Não obstante, salta-se para raça. Esta que é a maior questão relacionada a estruturação social. Sabe-se que ocorreu a escravidão no Brasil. No entanto, possuímos uma herança cultural racista e misógina há muito. Quando se pensa em ciência, pensa-se em homens brancos. Imaginário iluminista, do resgate à Grécia, o famoso "berço da filosofia". Quando se pensa na produção das leis, pensa-se em homens brancos. Quando se pensa em alguém bem sucedido, advinha, pensa-se em homens brancos. A ciência quanto método para averiguar a realidade tem suas peculiaridades. Foi essa mesma ciência, esta tão amiga da verdade, que defendeu os princípios eugenistas. Legitimou o homem branco como ser superior. Enquanto, a população negra que foi capturada de seu território para servir de mão de obra escrava teve sua liberdade negada com o trabalho forçado que o modo de produção capitalista tanto glorifica. Esta população negra que resistiu, que construiu lugares para os refugiados da opressão violenta dos senhores brancos.
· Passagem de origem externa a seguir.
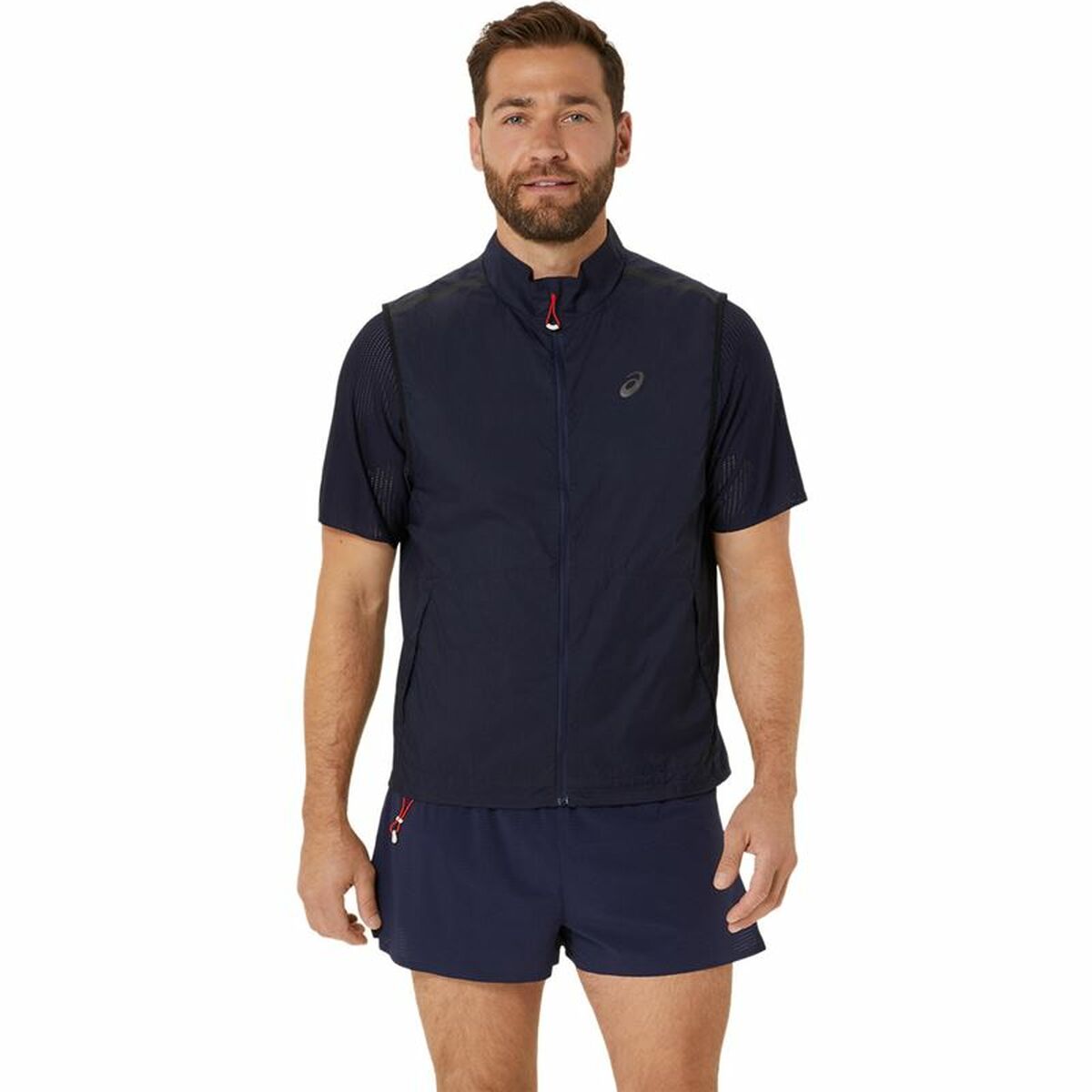 Unisex Sports Gilet Asics Metarun Packable Gilet Blue - Urbantrek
A interseccionalidade das opressões é uma ótima ferramenta conceitual de expressão de analise da pluralidade social. O homem branco fica no topo da cadeia social, mas não é qualquer homem, é aquele que tem mais acumulação de metais nobres. Em seguida a mulher branca, mas não é qualquer mulher, o peso, a fisionomia, o tamanho de suas formas, tudo importa. Existe uma figura normativa de beleza que nos é vendida constantemente, por meio da mídia e propaganda. As representatividades femininas e masculinas se apresentam de cores especificas e com formas especificas, mas tudo incluso ao corpo ideal e a performance ideal. Aquele ou aquela que desviam deste padrão normativo, tornam-se sujeitos negados do reconhecimento, tornam-se seres não desejáveis. Sendo o povo negro os que mais sentem essa reflexão. Não apenas de sua condição afetiva, mas social. Constantemente marginalizados pela mídia burguesa que insiste em apresentar a consequência e não a causa de ser escanteado socialmente, indo parar em ambientes periféricos e favelados. Que minam constantemente a oportunidade dos sujeitos que desde o início dessa história, foi recusado. Com a religião, a ciência e quem mais pudesse legitimar a superioridade do ser branco diante de outros povos.
Por fim, um simples documento carrega uma infinidade de histórias, uma infinidade de reflexões, e uma infinidade de dúvidas. A certidão de nascimento expõe implicitamente, a macro cultura da sociedade da época - mesmo que em vários casos seja variável - fundamentada em uma teoria social que possui o Estado como regulador da ordem, que serve para garantir o direito natural da moeda, esta que garante a ontologia do ser nos tempos do modo de produção capitalista.
Onde a democracia racial não poderia ser mais do que mitologia. O cidadão é o produto do Estado. O Estado é quem gerencia os interesses dos fundadores do colonialismo. Este que saqueou esse território para empilhar ouro na Europa, e "civilizou" o "selvagem", o "primitivo" em um homem capaz de discernir agora o que é belo, justo e bom.